After spending a week with my new Shuttle SD31P, I thought I’d offer up a few comments in my Dan’s Data-inspired verbose style! On the hardware itself, mostly. I’ll look at software and performance in a later post. Basically, Shuttle has delivered on it’s goal of packing an awful lot of computing power into a small, cool, and quiet form factor. It’s a remarkable feat, and the SD31P is probably the best “no compromise” SFF PC you can buy if you want to run a fast Intel CPU. If you prefer AMD’s Athlon64 I’m willing to bet the SD31P’s sister, the SN26P (where does Shuttle get these names from?), is a top-of-heap machine as well. Now, back to the Intel 945G based SD31P mini review. :)

SD31P highlights:

  • Be careful with DDR2 memory timings - anything but 4-4-4-12 might not work.
  • You can put a 6600GT with a Zalman VF700 GPU cooler in there with the VF700 at 5V and the SD31P system fan at its lowest speed.
  • You can add a stinky fast (and hot) 3+GHz 600 series P4 and a fast video card and still have a quiet system!

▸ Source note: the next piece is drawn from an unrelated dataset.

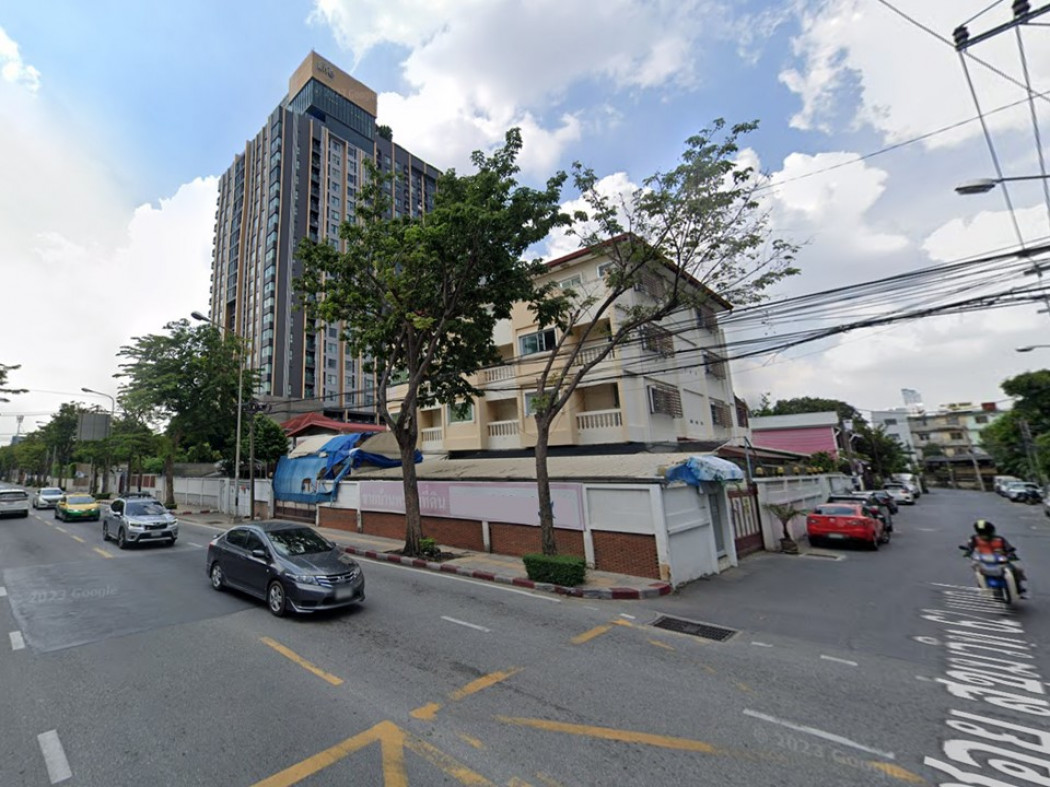 For SaleLandOnnut, Udomsuk : Land for sale with buildings on the main road, Soi Sukhumvit 62, area 135 sq m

And now, on with the verbosity:

Putting it together. Neat, tidy, and well thought out is take home message. All the metal edges are rounded, so you don’t get cut up. The cables are all cut to exactly the right length and expertly routed out of the way. You really don’t need tools, even the DVD writer and hard drive go in on rails that don’t require screws! The iCE heat-pipe CPU cooler installs easily and is well explained and diagramed in the manual. The machine goes together brilliantly and effortlessly. Much less fiddling, and much tighter tolerances than my previous Soltek QBiC. Design wise, the SD31P is just a beautiful little machine. I can’t really imagine how they’d improve given the size constraints.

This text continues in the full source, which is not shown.